Could you repeat all of the entries exactly, leaving out any pictures?

___

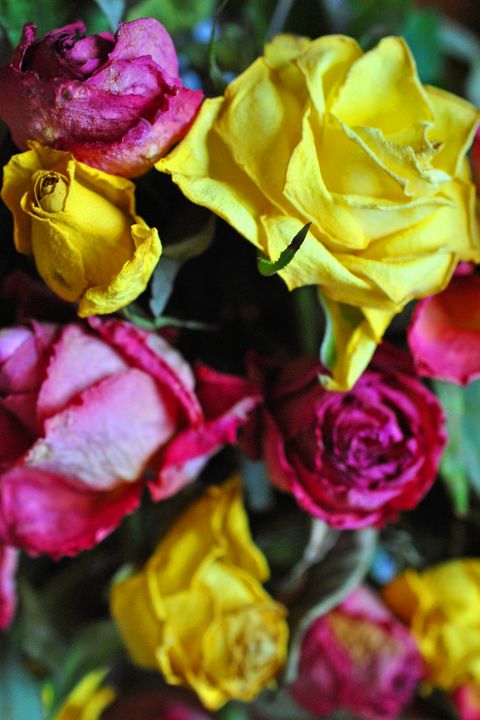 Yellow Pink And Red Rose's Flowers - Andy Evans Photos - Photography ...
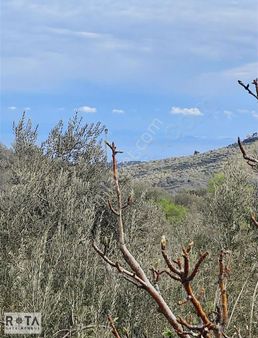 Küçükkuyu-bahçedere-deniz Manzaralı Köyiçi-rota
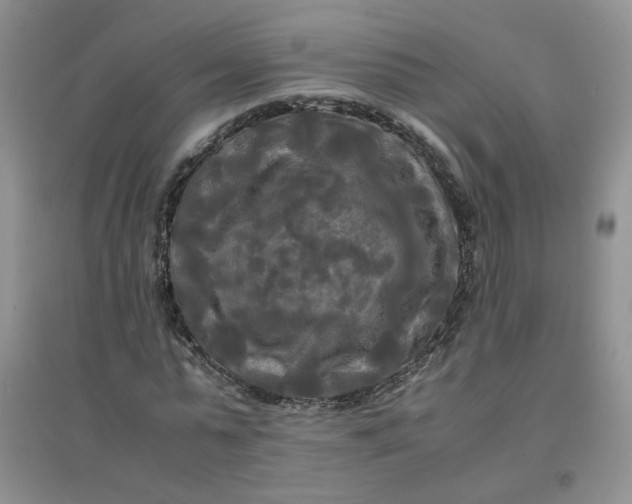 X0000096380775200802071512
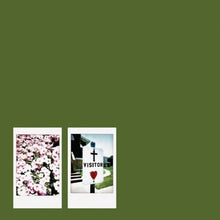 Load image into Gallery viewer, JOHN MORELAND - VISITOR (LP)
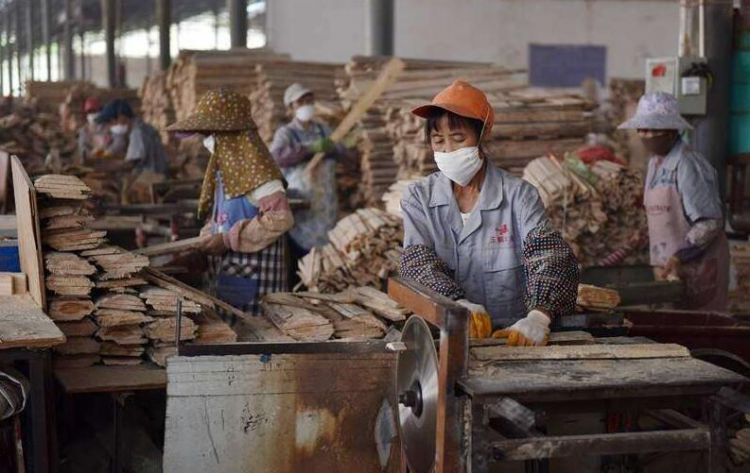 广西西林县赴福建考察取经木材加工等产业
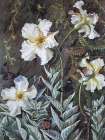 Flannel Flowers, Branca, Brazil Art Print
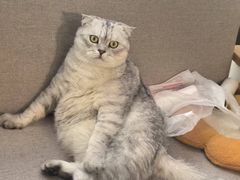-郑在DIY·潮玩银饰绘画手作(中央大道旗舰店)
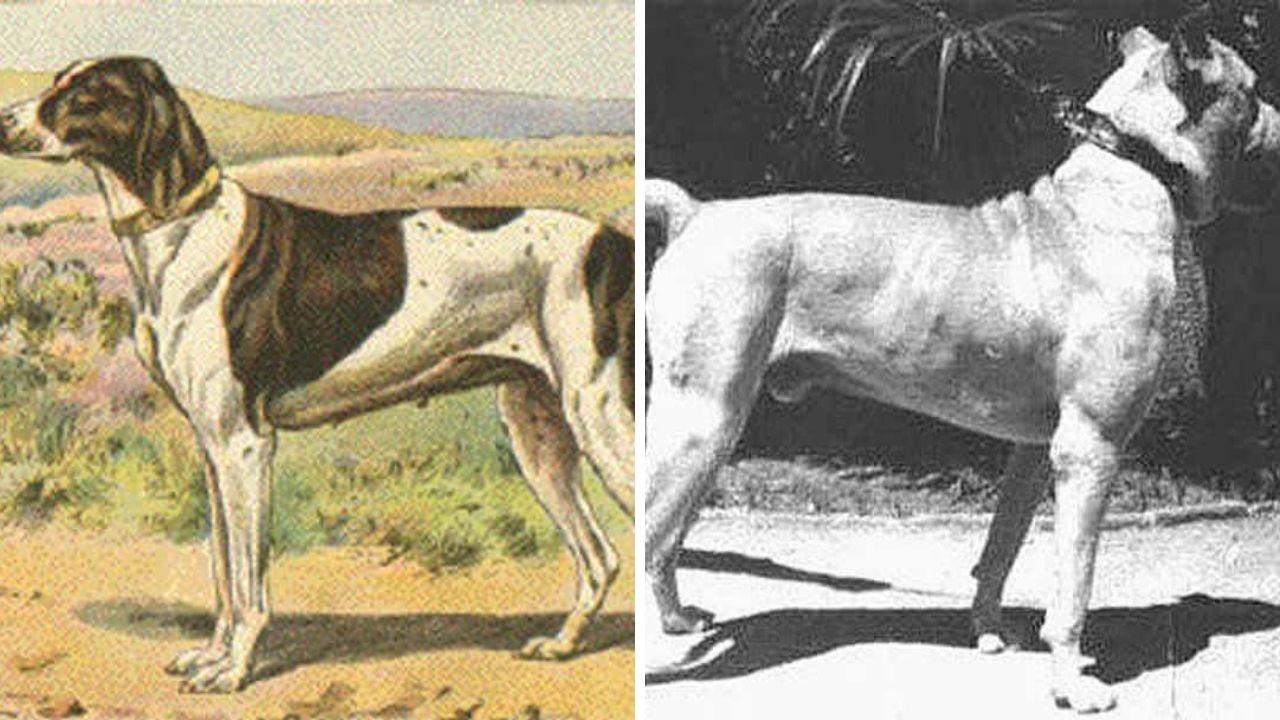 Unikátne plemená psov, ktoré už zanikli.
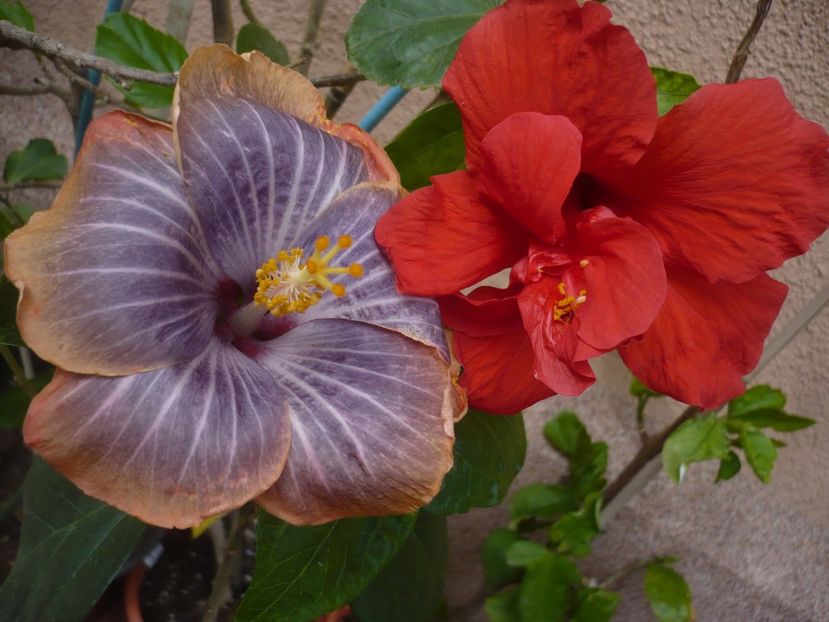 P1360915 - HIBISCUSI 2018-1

___

▶ Expected answer:
 Yellow Pink And Red Rose's Flowers - Andy Evans Photos - Photography ...
 Küçükkuyu-bahçedere-deniz Manzaralı Köyiçi-rota
 X0000096380775200802071512
 Load image into Gallery viewer, JOHN MORELAND - VISITOR (LP)
 广西西林县赴福建考察取经木材加工等产业
 Flannel Flowers, Branca, Brazil Art Print
-郑在DIY·潮玩银饰绘画手作(中央大道旗舰店)
 Unikátne plemená psov, ktoré už zanikli.
 P1360915 - HIBISCUSI 2018-1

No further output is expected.